Aug10
Essential Tips for Rebuilding your Credit after a Bankruptcy
Make no doubt about it, bankruptcy will destroy your chances of getting any type of credit for quite a few years. However, after your bankruptcy is discharged it is time to begin rebuilding and reestablishing your credit.
There are certain things you should do and certain things you shouldn’t do, however, when it comes to making the right moves regarding your credit:
- As soon as your bankruptcy is discharged, apply for at least two credit cards. It is important to understand that you will likely qualify for traditional, unsecured credit, so you may have to first start with a couple secured credit cards. Secured credit cards, while they act the same regarding the rebuilding of your credit, are different because they require a cash deposit equal to your credit limit. Just like a typical credit card, you will be expected to pay the bill each month; if you fail to do this, the credit card company can then use your cash deposit to pay the bill and close your account.
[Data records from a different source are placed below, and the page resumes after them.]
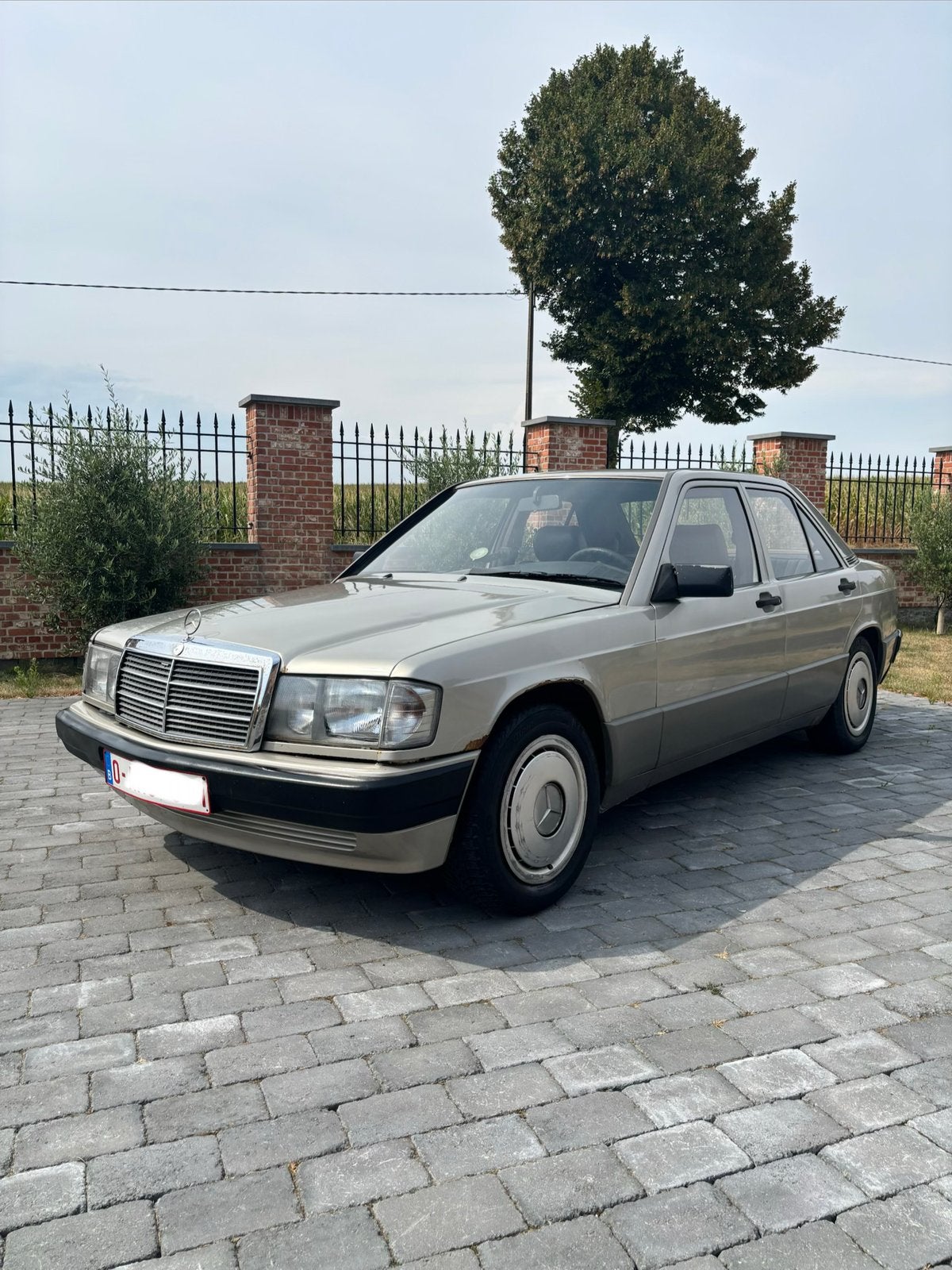 Mercedes 190d automatique 1990 289.000km, Auto's, Automaat, Leder, Diesel, 55 kW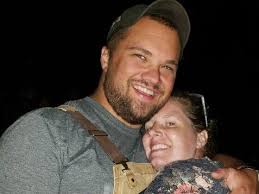 Alycia Van Ellis and Kyle Geise's Wedding Website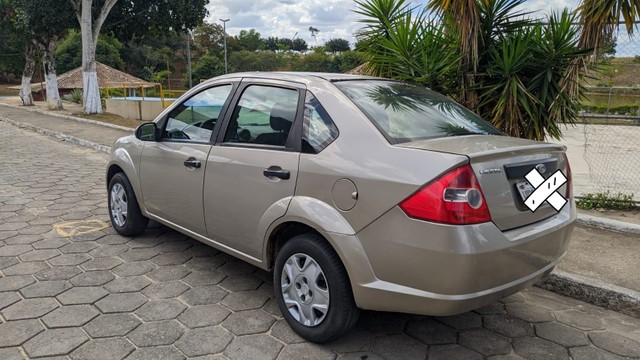 FIESTA SEDAN 1.0 2008 TOP!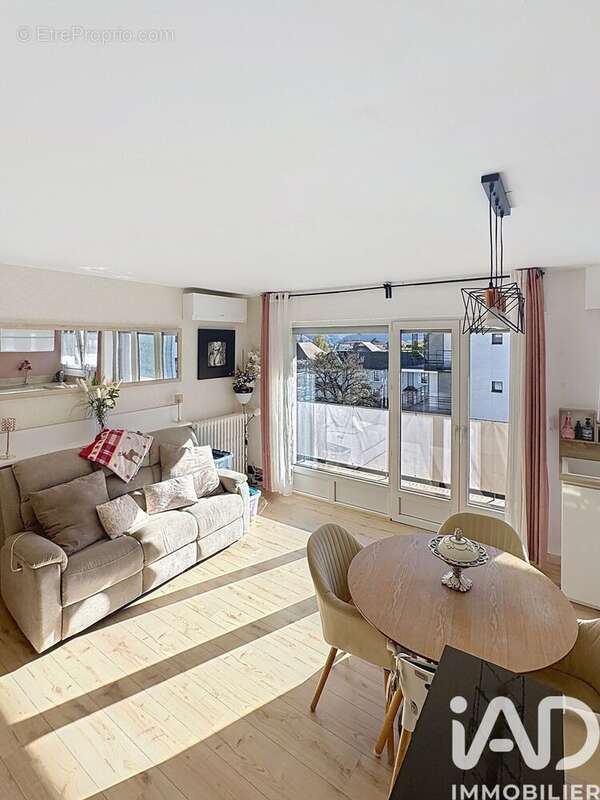 Photo 2 - Appartement à SAINT-JORIOZ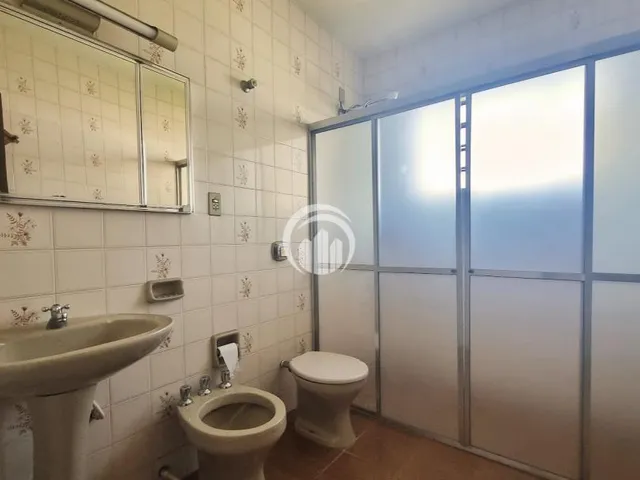 Imagem 15: Casa de 2 pavimentos com amplo terreno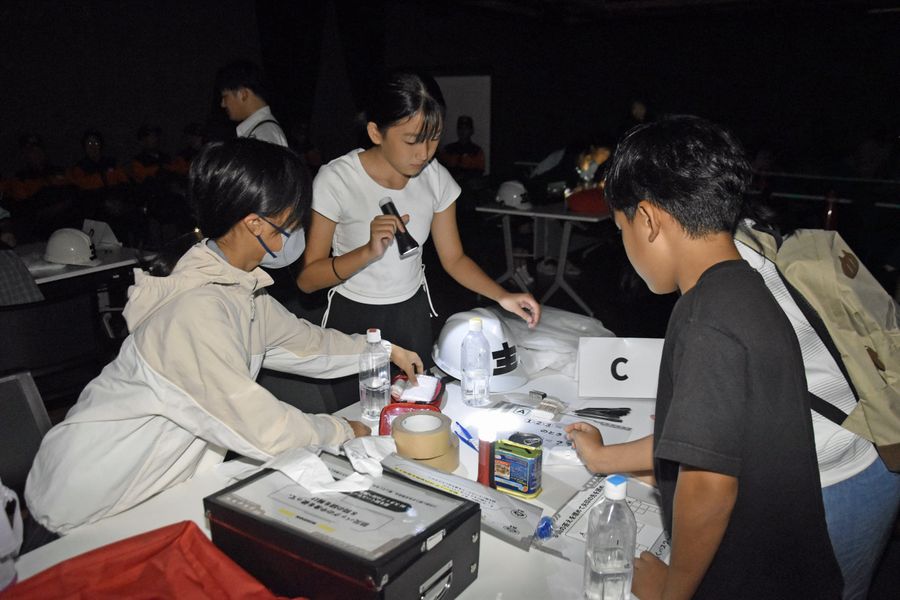 防災グッズを使った謎解きに取り組む児童たち（四万十市の市総合文化センター「しまんとぴあ」）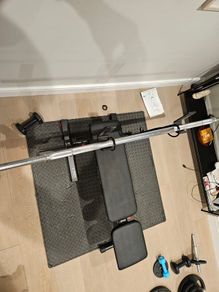 5ft weight bar (13.8kg)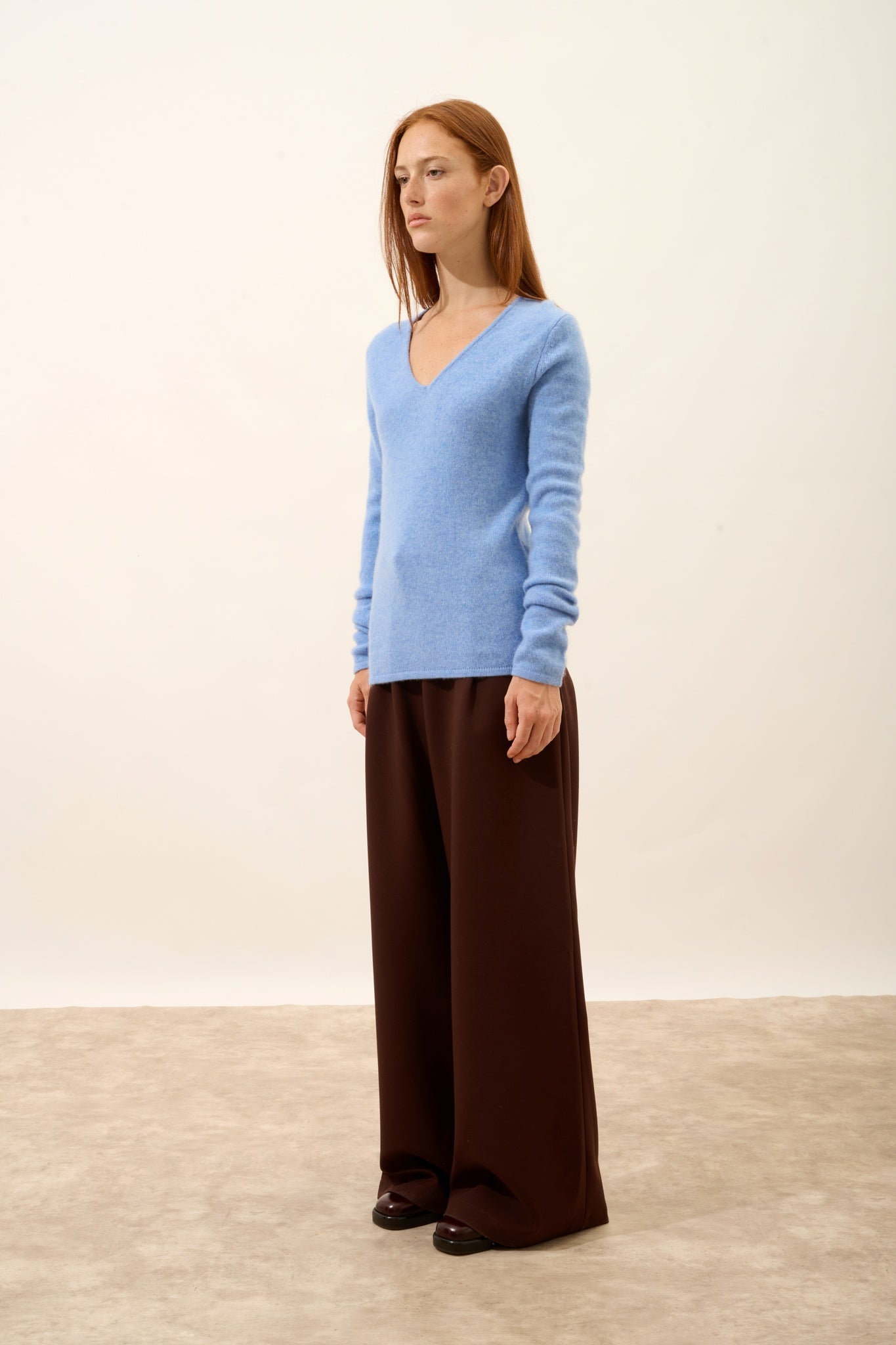 ABBY v-neck sweater sky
Your payment history with your secured credit cards will be vital when it comes to reestablishing your credit, so take these seriously.
- After about 12 to 18 months of making regular payments on your secured credit cards you can then attempt to apply for an unsecured credit card. At this time, you will have likely established a good credit history using your secured credit cards. Avoid opening too many new credit card accounts at once, though, as this could lower your credit score.
- Avoid closing any credit card accounts, regardless of whether you spend on them or not, as a good portion of your credit score is made up of your available credit. The more credit accounts you have open, the higher your available credit.
- Make purchases on your credit cards each month, but also make a point to pay them off in full when the bill comes. Adopting this responsible habit will allow you to enjoy the benefits of good credit without becoming overwhelmed with credit card debt.